A major drawback to multiresolution representations is that they are rarely lossless, because, in general, they achieve little overall compression. Instead, they typically compress the intermediate results of the wavelet transform, so accurate reconstruction is impossible. As a result, they suffer from the same lack of relevant error metrics as other compression approaches. Some recent research based on multiresolution analysis—feature-preserving transforms—is of interest in this regard [4]. The idea behind such transforms is that features of special interest to the scientist might be preserved by the compression, so a much smaller data set can be browsed without losing scientific insight. While this research direction shows promise, results are preliminary, and practical techniques of immediate applicability to the problem of very large data sets are not yet available.
Conclusion
Very large data sets are difficult for anyone to analyze and for computers to process.

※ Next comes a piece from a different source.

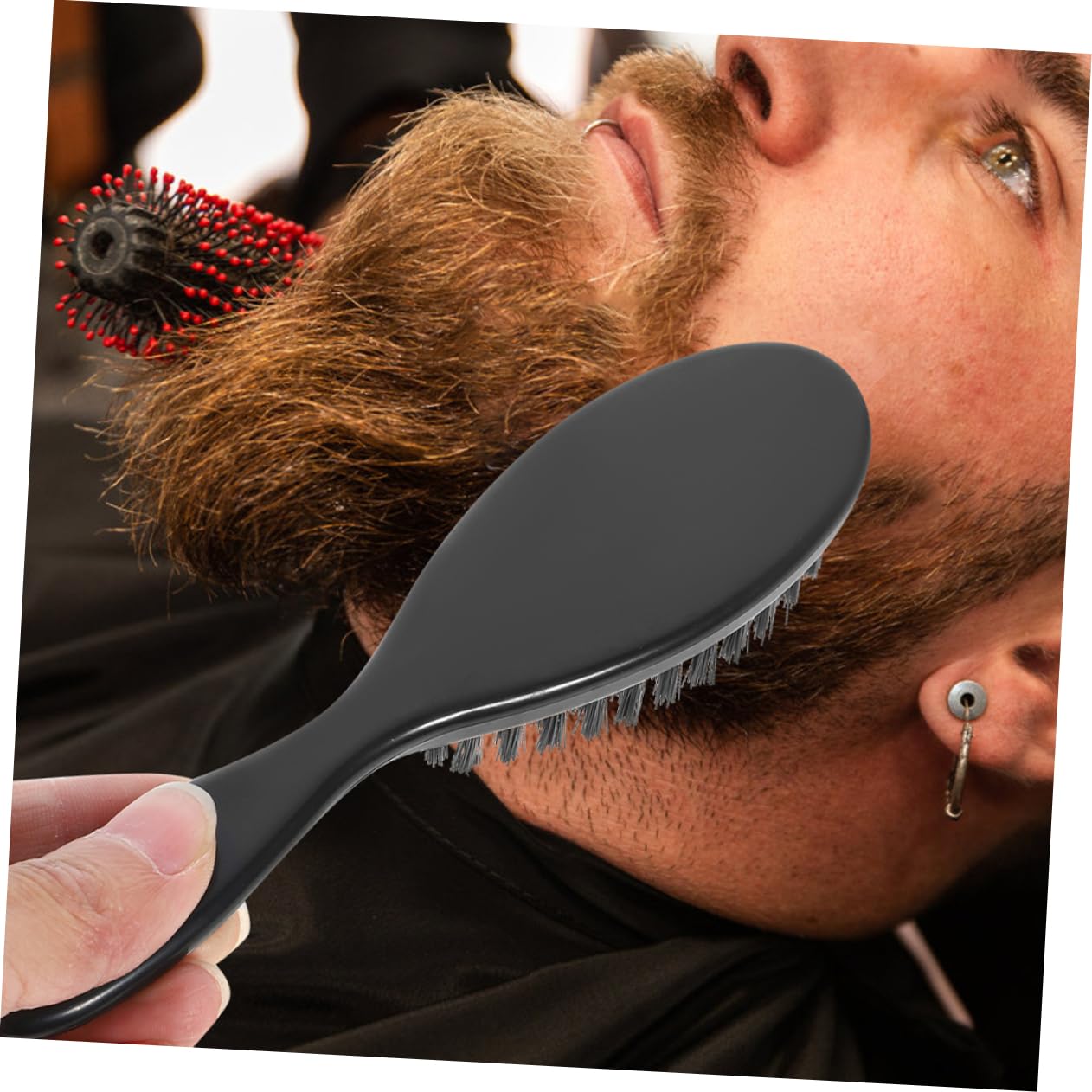 minkissy Barber Beard Brush Set 8pcs Men Face Beard Brush Soft Bristles Face Cleaning Brush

Two strategies help deal with this difficulty—interactive exploration and automatic feature detection—along with quick access to subsets of data from disk. A combination of these techniques represents a powerful means of exploring and understanding phenomena interactively in large 3D data sets.
Figures
Figure 1. Standard visualization techniques, including numerical displays, color-mapped grid planes, contour planes, isosurfaces, and streamlines.
Figure 2. Interactive exploration of the air flow over an F/A-18 aircraft at a high angle of attack. The user moves rake of streamlines from above to below the aircraft. Note nearby complex flow phenomena.
Tables
Table 1. Visualization techniques.
Table 2. Visualization times for streaklines computed for the first 220 timesteps of a 304-timestep computational fluid dynamics simulation of an F/A-18 (35MB per timestep).
Figure. Vortex cores identify the center of swirling flow. The vortex cores for this F/A-18 aircraft (in black) were extracted from a transient simulation with 304 timesteps and 11GB of data. Colored streaklines wind around the vortex of primary interest, which is known to cause tail buffeting.